Entries provided: Begin

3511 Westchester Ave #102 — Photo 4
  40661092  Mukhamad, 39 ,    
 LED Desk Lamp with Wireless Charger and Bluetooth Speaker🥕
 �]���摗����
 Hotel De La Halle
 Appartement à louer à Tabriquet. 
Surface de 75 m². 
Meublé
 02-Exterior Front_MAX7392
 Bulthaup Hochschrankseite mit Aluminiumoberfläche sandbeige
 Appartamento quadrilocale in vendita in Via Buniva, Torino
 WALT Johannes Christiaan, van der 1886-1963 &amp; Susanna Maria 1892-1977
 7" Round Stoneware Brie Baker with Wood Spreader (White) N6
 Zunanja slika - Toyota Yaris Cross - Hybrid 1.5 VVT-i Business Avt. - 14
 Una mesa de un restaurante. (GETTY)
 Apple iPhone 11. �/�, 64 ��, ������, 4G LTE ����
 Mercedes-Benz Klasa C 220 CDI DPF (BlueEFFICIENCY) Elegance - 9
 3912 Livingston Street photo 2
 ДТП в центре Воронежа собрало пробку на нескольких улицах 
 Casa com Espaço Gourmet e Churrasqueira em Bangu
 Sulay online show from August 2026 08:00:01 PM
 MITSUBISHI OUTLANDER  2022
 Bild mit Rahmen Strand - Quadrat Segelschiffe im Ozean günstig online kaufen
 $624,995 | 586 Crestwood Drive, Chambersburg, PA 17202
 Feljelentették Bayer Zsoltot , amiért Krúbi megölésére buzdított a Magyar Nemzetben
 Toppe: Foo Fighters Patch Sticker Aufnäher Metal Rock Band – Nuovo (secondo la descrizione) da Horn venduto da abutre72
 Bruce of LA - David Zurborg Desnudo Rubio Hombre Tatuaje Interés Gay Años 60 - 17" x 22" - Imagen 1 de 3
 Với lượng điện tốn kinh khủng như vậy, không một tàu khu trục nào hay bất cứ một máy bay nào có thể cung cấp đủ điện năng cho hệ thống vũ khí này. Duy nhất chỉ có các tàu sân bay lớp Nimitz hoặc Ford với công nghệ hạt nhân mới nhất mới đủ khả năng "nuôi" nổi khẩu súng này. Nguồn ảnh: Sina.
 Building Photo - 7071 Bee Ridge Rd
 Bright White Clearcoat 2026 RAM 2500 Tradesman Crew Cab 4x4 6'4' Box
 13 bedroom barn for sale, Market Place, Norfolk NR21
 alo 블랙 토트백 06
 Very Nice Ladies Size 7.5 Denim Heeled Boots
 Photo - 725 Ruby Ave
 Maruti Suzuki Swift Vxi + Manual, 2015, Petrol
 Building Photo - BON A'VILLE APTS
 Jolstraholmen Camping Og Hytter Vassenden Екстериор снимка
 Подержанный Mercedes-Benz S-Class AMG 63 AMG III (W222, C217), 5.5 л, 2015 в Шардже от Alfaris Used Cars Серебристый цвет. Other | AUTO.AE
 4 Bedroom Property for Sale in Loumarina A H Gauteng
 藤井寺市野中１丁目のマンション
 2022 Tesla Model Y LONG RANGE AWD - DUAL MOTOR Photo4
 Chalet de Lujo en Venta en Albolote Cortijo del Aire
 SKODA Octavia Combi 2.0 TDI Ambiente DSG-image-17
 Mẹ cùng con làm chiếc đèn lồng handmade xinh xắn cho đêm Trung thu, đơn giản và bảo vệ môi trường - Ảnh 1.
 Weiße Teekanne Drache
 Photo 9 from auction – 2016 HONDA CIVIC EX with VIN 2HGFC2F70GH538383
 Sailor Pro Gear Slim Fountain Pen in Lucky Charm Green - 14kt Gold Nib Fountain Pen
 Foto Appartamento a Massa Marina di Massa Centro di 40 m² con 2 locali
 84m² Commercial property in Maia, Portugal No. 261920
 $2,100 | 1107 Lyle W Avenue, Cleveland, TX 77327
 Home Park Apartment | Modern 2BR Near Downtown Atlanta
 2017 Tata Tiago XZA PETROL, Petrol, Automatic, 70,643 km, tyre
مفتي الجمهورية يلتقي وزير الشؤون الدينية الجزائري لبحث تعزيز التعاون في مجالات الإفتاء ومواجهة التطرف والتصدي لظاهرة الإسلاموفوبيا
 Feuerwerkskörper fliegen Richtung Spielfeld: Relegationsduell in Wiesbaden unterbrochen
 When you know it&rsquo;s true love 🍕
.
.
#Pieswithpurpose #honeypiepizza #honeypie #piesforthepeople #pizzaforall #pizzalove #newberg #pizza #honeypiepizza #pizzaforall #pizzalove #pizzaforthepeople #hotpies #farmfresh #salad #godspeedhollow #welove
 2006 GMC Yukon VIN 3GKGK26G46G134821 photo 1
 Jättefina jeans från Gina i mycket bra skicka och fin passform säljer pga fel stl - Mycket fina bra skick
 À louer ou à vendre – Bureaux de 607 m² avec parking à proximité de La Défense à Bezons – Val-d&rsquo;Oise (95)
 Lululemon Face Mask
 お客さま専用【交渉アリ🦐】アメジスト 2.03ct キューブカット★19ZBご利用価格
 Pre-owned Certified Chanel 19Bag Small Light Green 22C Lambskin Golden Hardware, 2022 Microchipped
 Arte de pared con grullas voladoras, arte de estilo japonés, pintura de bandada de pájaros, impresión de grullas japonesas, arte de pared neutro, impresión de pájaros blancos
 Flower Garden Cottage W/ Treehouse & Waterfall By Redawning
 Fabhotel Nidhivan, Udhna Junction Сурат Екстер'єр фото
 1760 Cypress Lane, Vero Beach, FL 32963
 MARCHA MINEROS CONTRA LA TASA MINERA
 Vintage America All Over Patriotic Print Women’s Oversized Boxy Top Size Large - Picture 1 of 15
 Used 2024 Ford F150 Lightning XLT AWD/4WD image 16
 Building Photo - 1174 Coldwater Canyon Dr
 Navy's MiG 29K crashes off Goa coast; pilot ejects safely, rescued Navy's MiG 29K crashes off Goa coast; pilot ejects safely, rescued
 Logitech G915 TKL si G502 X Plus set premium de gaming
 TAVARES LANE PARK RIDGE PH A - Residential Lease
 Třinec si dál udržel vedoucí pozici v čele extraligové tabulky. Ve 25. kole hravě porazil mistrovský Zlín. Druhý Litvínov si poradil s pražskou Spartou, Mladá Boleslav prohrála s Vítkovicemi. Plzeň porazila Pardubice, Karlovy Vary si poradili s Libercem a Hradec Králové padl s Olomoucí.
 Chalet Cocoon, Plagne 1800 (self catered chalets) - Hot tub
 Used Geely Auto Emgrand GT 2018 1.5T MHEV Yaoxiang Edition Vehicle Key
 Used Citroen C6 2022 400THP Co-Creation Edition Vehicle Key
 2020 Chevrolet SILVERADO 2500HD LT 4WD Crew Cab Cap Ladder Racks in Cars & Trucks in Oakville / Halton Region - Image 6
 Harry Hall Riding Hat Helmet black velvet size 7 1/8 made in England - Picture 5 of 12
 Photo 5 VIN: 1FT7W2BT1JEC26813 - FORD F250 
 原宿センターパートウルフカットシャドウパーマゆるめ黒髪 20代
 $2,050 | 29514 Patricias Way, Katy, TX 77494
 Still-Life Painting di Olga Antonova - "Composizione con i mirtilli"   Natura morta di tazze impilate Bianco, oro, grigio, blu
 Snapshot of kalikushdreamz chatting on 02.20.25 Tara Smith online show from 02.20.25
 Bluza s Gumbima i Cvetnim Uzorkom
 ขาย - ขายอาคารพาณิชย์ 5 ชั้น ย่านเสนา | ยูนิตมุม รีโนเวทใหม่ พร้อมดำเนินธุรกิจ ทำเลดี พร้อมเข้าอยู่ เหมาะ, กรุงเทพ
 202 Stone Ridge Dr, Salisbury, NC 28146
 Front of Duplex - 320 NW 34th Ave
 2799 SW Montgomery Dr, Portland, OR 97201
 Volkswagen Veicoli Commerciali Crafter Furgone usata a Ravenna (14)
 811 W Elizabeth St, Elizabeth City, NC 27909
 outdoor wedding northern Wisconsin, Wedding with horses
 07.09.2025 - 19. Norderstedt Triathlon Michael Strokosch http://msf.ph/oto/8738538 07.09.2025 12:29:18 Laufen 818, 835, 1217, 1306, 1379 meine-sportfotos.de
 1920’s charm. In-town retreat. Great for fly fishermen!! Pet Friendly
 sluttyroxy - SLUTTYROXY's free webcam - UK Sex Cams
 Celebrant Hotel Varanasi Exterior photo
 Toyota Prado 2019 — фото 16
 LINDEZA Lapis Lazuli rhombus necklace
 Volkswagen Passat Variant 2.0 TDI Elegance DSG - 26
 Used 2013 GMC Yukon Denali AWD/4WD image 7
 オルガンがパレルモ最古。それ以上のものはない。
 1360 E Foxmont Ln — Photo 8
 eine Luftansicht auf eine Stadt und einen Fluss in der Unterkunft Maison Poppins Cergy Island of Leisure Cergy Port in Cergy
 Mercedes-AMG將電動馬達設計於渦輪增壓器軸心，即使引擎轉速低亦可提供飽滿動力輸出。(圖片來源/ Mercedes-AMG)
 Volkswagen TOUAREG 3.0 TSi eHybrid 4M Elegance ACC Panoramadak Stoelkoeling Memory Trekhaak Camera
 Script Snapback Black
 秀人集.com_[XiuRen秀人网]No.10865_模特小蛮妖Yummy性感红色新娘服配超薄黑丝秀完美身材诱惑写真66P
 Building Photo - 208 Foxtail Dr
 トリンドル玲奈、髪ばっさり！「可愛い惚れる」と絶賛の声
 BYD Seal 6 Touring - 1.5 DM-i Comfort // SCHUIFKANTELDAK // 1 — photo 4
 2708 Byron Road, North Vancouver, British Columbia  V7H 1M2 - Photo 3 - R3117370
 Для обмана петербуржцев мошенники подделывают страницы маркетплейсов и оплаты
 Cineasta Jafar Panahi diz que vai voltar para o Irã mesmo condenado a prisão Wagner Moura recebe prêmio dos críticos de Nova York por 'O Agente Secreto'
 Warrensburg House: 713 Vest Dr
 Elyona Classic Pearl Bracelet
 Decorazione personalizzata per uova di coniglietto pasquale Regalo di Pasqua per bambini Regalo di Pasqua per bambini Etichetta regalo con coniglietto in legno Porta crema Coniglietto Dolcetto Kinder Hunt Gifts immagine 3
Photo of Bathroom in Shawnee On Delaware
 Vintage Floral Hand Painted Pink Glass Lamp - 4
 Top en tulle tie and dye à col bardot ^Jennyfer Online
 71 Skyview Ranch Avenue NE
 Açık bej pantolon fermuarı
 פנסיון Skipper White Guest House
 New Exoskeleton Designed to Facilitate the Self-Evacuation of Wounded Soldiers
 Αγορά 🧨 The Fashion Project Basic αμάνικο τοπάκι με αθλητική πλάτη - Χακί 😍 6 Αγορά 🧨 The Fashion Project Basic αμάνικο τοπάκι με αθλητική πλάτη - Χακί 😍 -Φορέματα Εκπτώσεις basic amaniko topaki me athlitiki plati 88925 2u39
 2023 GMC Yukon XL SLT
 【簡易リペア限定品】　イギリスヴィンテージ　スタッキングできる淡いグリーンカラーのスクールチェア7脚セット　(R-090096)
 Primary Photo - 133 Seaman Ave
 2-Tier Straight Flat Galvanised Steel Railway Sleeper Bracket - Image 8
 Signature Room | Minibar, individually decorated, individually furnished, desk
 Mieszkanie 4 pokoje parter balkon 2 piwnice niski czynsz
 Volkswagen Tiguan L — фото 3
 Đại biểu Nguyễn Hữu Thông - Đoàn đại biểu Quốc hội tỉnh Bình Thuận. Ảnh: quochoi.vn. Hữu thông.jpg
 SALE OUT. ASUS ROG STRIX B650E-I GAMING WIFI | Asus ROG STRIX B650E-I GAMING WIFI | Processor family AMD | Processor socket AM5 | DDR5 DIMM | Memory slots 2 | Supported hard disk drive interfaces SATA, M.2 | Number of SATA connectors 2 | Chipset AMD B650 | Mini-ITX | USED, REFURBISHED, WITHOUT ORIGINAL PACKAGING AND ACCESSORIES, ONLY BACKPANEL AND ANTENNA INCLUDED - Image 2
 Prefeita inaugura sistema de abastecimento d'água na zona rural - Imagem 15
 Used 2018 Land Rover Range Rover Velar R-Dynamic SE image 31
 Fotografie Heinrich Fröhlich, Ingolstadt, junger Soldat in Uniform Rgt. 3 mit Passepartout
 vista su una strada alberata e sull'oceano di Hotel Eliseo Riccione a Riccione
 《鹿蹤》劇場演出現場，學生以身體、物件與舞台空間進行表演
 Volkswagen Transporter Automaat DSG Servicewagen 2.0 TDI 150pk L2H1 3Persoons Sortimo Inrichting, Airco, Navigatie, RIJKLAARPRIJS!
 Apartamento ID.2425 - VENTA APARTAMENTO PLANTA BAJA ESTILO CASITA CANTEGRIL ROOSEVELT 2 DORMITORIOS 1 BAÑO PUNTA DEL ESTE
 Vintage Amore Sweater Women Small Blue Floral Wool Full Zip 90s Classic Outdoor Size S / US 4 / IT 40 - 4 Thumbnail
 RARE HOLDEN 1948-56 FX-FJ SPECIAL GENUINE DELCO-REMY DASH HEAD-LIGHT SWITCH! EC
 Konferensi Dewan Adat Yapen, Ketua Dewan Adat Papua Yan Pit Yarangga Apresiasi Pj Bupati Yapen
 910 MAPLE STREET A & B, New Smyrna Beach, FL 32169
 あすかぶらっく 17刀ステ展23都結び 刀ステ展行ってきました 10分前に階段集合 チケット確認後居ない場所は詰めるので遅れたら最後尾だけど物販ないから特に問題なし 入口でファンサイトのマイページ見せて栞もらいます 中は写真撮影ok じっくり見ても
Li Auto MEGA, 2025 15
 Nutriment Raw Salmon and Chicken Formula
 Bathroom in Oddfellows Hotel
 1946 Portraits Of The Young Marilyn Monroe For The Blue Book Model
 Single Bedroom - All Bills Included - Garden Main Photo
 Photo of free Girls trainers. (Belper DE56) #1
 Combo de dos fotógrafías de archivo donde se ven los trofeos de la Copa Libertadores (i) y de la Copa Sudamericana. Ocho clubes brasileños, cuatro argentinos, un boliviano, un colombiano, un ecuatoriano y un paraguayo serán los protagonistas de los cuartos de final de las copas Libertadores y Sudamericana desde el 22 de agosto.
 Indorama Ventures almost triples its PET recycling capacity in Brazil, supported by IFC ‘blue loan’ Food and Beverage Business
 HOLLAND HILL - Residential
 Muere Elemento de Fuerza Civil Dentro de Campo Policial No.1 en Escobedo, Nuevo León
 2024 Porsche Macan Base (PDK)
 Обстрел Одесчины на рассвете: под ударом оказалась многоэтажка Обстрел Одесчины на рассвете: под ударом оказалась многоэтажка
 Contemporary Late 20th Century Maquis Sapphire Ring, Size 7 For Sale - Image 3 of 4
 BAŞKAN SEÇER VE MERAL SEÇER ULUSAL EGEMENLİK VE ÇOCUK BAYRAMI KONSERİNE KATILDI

Entries provided: End

• Directions for this task: Copy every line of the records above, starting with the first, up to and including the line containing "Bild mit Rahmen".

• Response:
3511 Westchester Ave #102 — Photo 4
  40661092  Mukhamad, 39 ,    
 LED Desk Lamp with Wireless Charger and Bluetooth Speaker🥕
 �]���摗����
 Hotel De La Halle
 Appartement à louer à Tabriquet. 
Surface de 75 m². 
Meublé
 02-Exterior Front_MAX7392
 Bulthaup Hochschrankseite mit Aluminiumoberfläche sandbeige
 Appartamento quadrilocale in vendita in Via Buniva, Torino
 WALT Johannes Christiaan, van der 1886-1963 &amp; Susanna Maria 1892-1977
 7" Round Stoneware Brie Baker with Wood Spreader (White) N6
 Zunanja slika - Toyota Yaris Cross - Hybrid 1.5 VVT-i Business Avt. - 14
 Una mesa de un restaurante. (GETTY)
 Apple iPhone 11. �/�, 64 ��, ������, 4G LTE ����
 Mercedes-Benz Klasa C 220 CDI DPF (BlueEFFICIENCY) Elegance - 9
 3912 Livingston Street photo 2
 ДТП в центре Воронежа собрало пробку на нескольких улицах 
 Casa com Espaço Gourmet e Churrasqueira em Bangu
 Sulay online show from August 2026 08:00:01 PM
 MITSUBISHI OUTLANDER  2022
 Bild mit Rahmen Strand - Quadrat Segelschiffe im Ozean günstig online kaufen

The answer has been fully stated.